# Troy bilt horse Hitch



## chevypower713 (Dec 18, 2021)

Hello friends I'm making this post I have fixed our problem and hoping there will be more to come I have recreated the Troy bilt horse Hitch the only difference is it will be painted black and only one pine hole I will post pictures same weight rating as the old Hitch let me know 50.00 plus shipping contact info
Phone 719-839-2002
Email [email protected]
Thanks Cody
I will be making sulky with a sleeve hitch so you can do much more with your Troy bilt horse.


----------



## BigT (Sep 15, 2014)

Good Morning Cody. Welcome to the forum.

Please post some pictures so everyone can see what you are talking about.


----------



## SidecarFlip (Mar 25, 2021)

I'm not following why anyone would want to attach a sulky to a rototiller in the first place, I see no practical use for one and could possibly be a dangerous addition if the tiller encounter a hard spot or rock and tries to 'run away' like they do.
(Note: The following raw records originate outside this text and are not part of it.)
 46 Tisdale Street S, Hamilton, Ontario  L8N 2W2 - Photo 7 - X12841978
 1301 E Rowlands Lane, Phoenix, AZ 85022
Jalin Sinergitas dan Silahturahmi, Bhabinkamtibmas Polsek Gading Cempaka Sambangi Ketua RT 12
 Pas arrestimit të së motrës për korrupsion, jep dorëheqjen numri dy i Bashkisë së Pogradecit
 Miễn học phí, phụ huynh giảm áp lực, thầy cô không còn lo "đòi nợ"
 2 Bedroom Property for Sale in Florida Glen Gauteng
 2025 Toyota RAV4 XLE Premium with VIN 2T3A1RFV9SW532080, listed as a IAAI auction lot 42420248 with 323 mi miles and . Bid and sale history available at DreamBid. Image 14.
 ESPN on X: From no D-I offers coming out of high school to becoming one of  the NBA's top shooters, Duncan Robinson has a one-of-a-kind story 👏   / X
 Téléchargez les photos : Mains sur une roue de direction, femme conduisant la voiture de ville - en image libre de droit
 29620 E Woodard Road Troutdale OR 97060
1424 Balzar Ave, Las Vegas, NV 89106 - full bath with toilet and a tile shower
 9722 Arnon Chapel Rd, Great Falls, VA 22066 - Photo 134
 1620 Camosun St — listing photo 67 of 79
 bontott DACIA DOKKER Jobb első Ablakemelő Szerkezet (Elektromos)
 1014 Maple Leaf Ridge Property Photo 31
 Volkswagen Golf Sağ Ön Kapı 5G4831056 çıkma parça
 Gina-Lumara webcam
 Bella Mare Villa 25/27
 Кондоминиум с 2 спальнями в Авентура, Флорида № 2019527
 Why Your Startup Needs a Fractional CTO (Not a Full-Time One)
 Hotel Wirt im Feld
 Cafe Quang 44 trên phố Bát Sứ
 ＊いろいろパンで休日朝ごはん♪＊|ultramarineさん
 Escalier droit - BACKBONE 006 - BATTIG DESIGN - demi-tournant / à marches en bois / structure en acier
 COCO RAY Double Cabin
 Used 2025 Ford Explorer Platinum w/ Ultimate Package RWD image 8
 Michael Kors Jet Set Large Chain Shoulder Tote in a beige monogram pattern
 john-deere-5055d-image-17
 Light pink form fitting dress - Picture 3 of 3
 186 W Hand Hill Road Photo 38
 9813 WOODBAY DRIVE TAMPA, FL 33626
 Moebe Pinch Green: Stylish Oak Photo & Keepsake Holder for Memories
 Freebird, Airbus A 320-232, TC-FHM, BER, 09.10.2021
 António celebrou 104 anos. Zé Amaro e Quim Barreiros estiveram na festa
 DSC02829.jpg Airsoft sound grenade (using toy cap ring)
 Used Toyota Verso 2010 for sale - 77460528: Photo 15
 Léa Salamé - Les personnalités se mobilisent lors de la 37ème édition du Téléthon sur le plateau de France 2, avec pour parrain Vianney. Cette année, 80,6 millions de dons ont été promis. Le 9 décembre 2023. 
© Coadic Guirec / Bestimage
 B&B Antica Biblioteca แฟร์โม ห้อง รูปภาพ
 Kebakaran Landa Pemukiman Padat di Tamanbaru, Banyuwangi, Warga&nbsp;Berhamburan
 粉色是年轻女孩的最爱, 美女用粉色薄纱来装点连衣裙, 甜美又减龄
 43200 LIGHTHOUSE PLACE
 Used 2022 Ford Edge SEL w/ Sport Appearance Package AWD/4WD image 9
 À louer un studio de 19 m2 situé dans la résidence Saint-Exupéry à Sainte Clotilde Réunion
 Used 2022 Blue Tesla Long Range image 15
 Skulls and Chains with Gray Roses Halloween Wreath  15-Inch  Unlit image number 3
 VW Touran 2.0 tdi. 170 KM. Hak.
Believe me, when they 'run away', it's not slow either. I'd say at medium throttle 0-15 mph is quick as an eye blink.

I purchased an Ardisam hiller-furrower for mine (horse) and my Cub Cadet counter rotating rear tine till and it fits both and only uses a single pin / bolt that goes through the depth stake and I believe Ardisam holds a patent on the design so if I were you, I'd be checking theirs out carefully and theirs is 50 bucks as well, shipping included and they are also on Amazon. In fact Ardisam has a web store on Amazon.

I don't believe you have 'invented' anything that isn't sold and most likely patented already. I'm very pleased with my Ardisam btw.


----------